Mientras el mundo avanza hacia relaciones internacionales más soberanas y estratégicas, Colombia ha sido una figura difusa en los foros globales, sin protagonismo, sin voz y, lo que es más grave, sin una dirección clara en su política exterior.
La crítica crece desde diversos sectores sociales y políticos
Es hora de un revolcón total en la carrera diplomática, porque tal como está concebida, no representa ni al país ni al gobierno actual.
Personajes como Marta Lucía Ramírez, Claudia Blum, Carlos Holmes Trujillo, Luis Guillermo Solís, María Ángela Holguín, Jaime Bermúdez, Fernando Araújo y María Consuelo Araújo han simbolizado, más que un liderazgo internacional, una diplomacia atada a intereses foráneos, alejada de las luchas sociales y sin compromiso real con los sectores populares.
Su legado, según muchos analistas, no es más que una serie de bochornos diplomáticos, posiciones subordinadas ante potencias extranjeras y una profunda desconexión con la realidad nacional. Lejos de ser referentes, son el ejemplo claro de lo que debe evitarse.
La vieja diplomacia colombiana está construida sobre una lógica de exclusión.
En lugar de constituirse en un instrumento al servicio del Estado y el pueblo colombiano, ha funcionado como un mecanismo de recompensa para las élites, donde el mérito no pasa por la defensa de los intereses del país, sino por las redes de influencia, los apellidos y los privilegios.
Uno de los aspectos más criticados es el elitismo de los requisitos para acceder a cargos diplomáticos. En Colombia, exigir inglés como condición para ser embajador en países que, en muchos casos, ni siquiera lo tienen como idioma oficial, se ha convertido en una barrera de clase.
Como señalan varios críticos de la carrera diplomática, imponer este requisito es una manera elegante de decir: “solo los que tuvieron privilegios pueden representar al país en el exterior”.
Un colegio bilingüe en Colombia cuesta entre dos y tres millones de pesos mensuales, cifras completamente inalcanzables para familias que sobreviven con un salario mínimo.
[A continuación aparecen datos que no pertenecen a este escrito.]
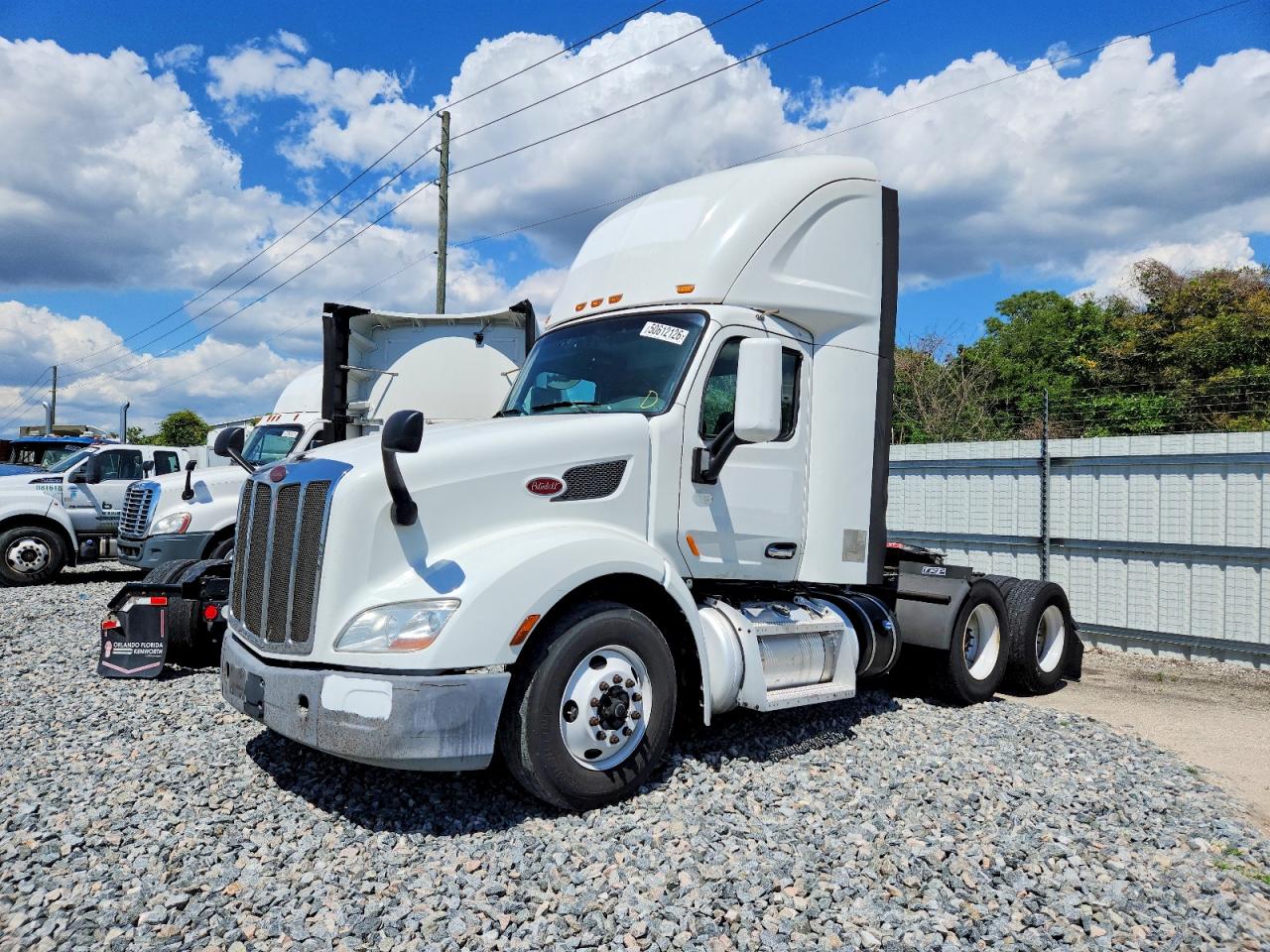 2017 PETERBILT All other VIN 1XPBD49X6HD430848 photo 2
¿Cómo puede una carrera diplomática exigir condiciones inalcanzables para la mayoría del país y al mismo tiempo pretender representar a esa mayoría en el exterior?
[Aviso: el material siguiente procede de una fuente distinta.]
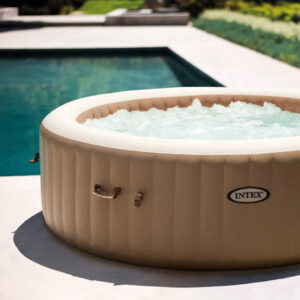 SPA Inflável Redondo PureSPA Bubbles bege com uma piscina ao fundo.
Es una contradicción de fondo que perpetúa la desigualdad y la desconexión entre diplomacia y pueblo.
El presidente Gustavo Petro ha sido claro al respecto.
En sus palabras, “un hijo de obrero puede trabajar más en las relaciones internacionales que un embajador que se va a rascar la panza”.
Este mensaje no es solo una crítica a la burocracia diplomática, sino una invitación a repensar profundamente el papel de Colombia en el mundo y quiénes deben encargarse de representarlo.
Petro ha pedido a la canciller Laura Sarabia que elimine los requisitos excluyentes para nombrar embajadores.
En su visión, la representación internacional no debe seguir siendo un club exclusivo para privilegiados, sino una oportunidad para que voces auténticas y comprometidas con el país puedan llevar nuestras banderas al exterior.
Esto no implica despreciar la experiencia ni el conocimiento
Este enfoque no implica despreciar la experiencia ni el conocimiento técnico, sino cuestionar el uso excluyente de ciertos filtros como el dominio de idiomas o la pertenencia a círculos sociales cerrados.
Se trata de construir una nueva diplomacia, popular, soberana, valiente y al servicio de un país que quiere dejar de ser espectador en el mundo para convertirse en actor relevante.
El cambio en la política exterior no es un capricho ideológico; es una necesidad histórica.
Colombia no puede seguir arrastrando una tradición diplomática que ha sido más decorativa que efectiva. El país necesita una representación internacional que refleje su diversidad, sus luchas, su dignidad y sus aspiraciones. Es momento de enterrar la diplomacia de apellidos y abrirle paso a una diplomacia con rostro de pueblo.